Participation has waned, but that doesn't mean that equal weighted options still aren't viable. We explore this idea today.
While not as “exciting” as finding a completely new stock/sector idea, using the NDW platform to identify those points of consistent relative strength can be part of the foundation of a strong portfolio. With that in mind, today’s pulse will utilize relative strength charts (RS) to build on the idea that risk-on areas are still doing well… while blending in some themes about broader participation metrics which have waned as we moved through the back half of the year.
Starting briefly with the latter, we know that broad market participation still sits well off 2025 highs. ^BPSPX, which measures the percentage of S&P 500 stocks trading on PnF buy signals sits at 56%.... still above the halfway mark but well below the 2025 highs at 74% from the summer. This in of itself isn’t a “bad thing” but is certainly worth monitoring as we move into the Fall. Of course, more stocks participation in upside action will typically bode well for equal weighted strategies… which opens up our main topic for today.

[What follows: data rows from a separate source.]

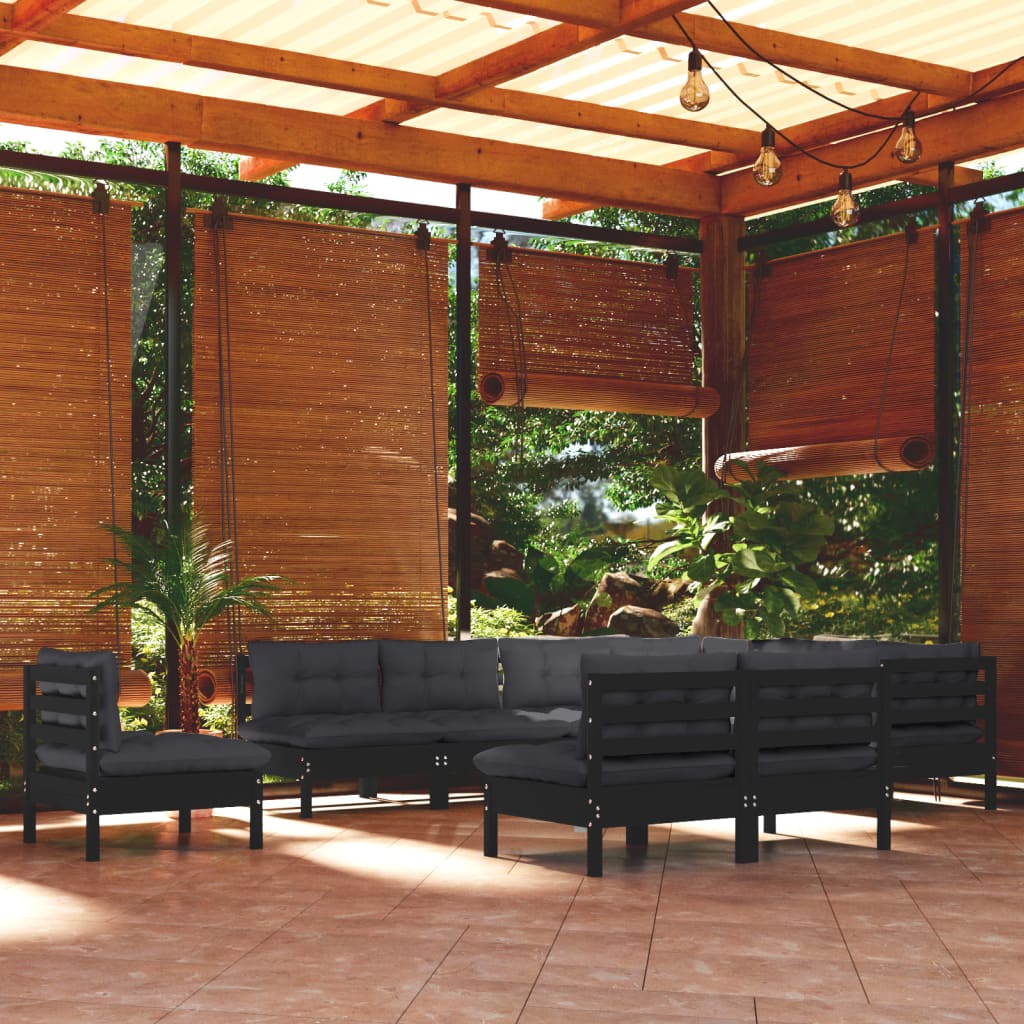 10-tlg. Garten-Lounge-Set mit Kissen Schwarz Massivholz Kiefer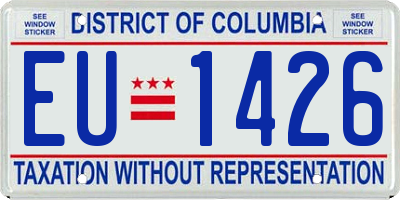 DC license plate EU1426
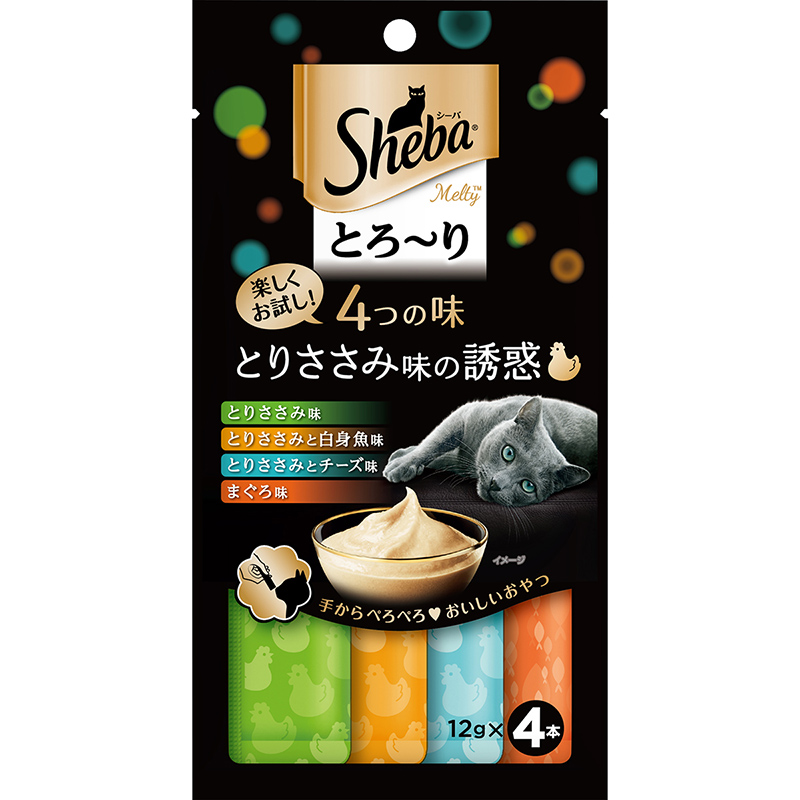 [マース] シーバ とろ～り メルティ 4つの味 とりささみ味の誘惑 12g×4本　【4月特価】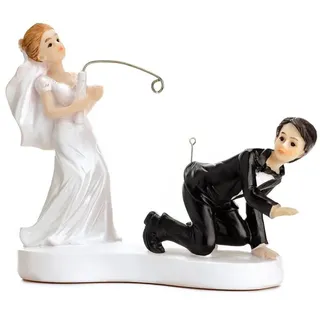Partydeco Tortenfigur Hochzeit 13 cm Weiß/Schwarz
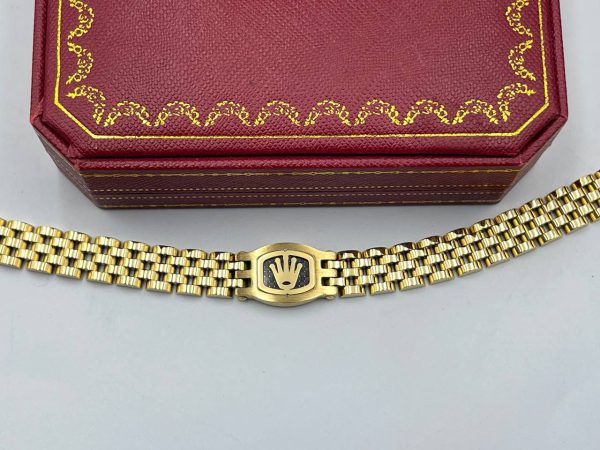 دستبند رولکس با پلاک لاکچری طلایی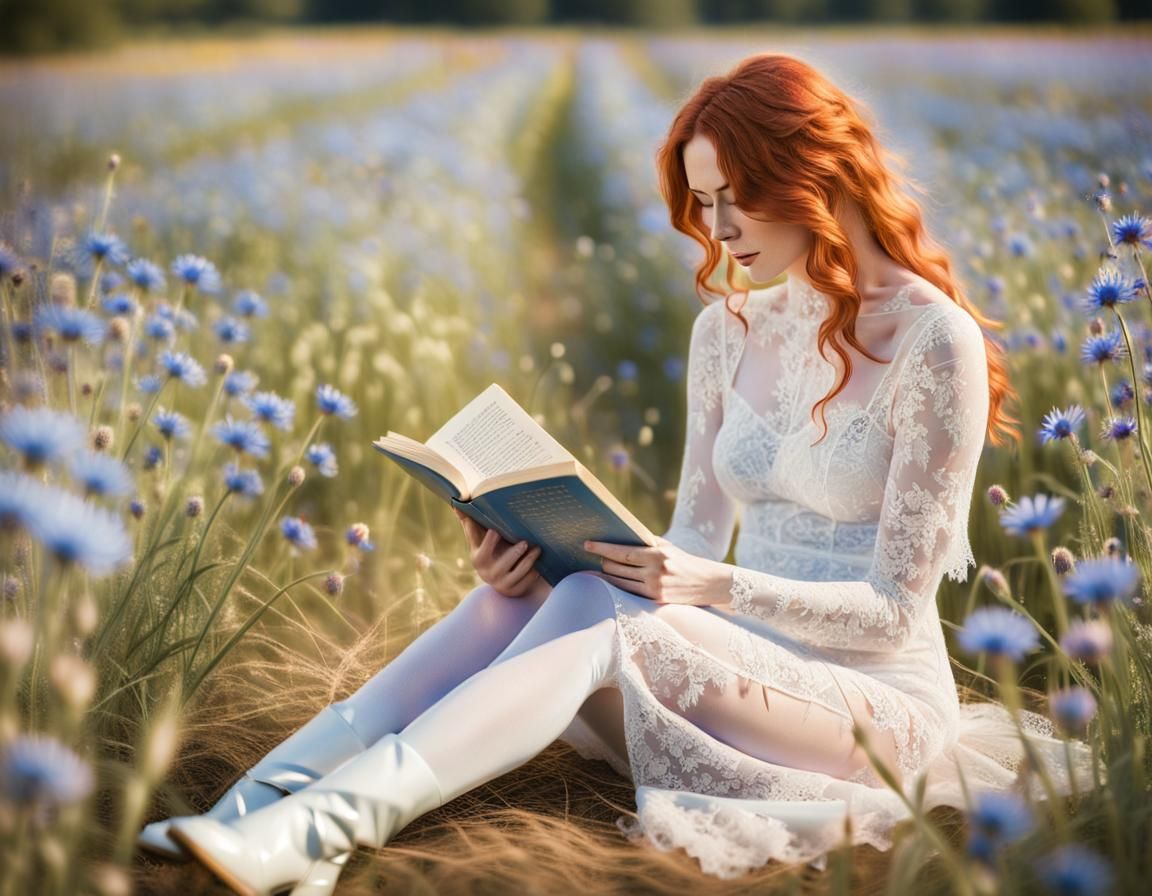 Redhead Reading in Cornflowers in Impressionistic Style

Most of you probably think about using relative strength to determine between two stocks, or maybe one stock and a major index/cash. Zooming out a bit, we can also use relative strength charts to identify major themes in the market. One of the most typical of these broad market relative strength comparison pits consumer discretionary (risk-on) against consumer staples (risk-off) to identify just what kinds of stocks might be in control. It should come as no surprise that risk-on options are doing quite well, but finding ways to quantify that can be difficult. Looping back in our opening participation conversation from the start, we can utilize equal weight representatives for both sectors (RSPD & RSPS) as proxies for comparison. As detailed in the chart below, RSPD most recently posted a 4th consecutive RS buy signal against RSPS, moving to its highest point of “relative price” over the last 35 years. Reminder, there are some out there that would look at this as a bad sign- us chartists typically won’t. The main takeaway here is that the “average” consumer cyclicals stock is relative stronger than the average consumer staples stock. Switching between RSPD & RSPS based on signals has been historically additive.
Cap weighted names still remain in control. Taking our equal weight “winner” RSPD, we can compare that fund to its cap weighted counterpart XLY. XLY remains on an RS buy signal against RSPD, despite moving back into a column of O’s against the fund earlier this year. From a pure performance perspective, XLY lags behind RSPD so far this year but a continued rotation towards a smaller subset of cap weighted names is certainly worth watching as we journey through a traditionally bumpy month of September.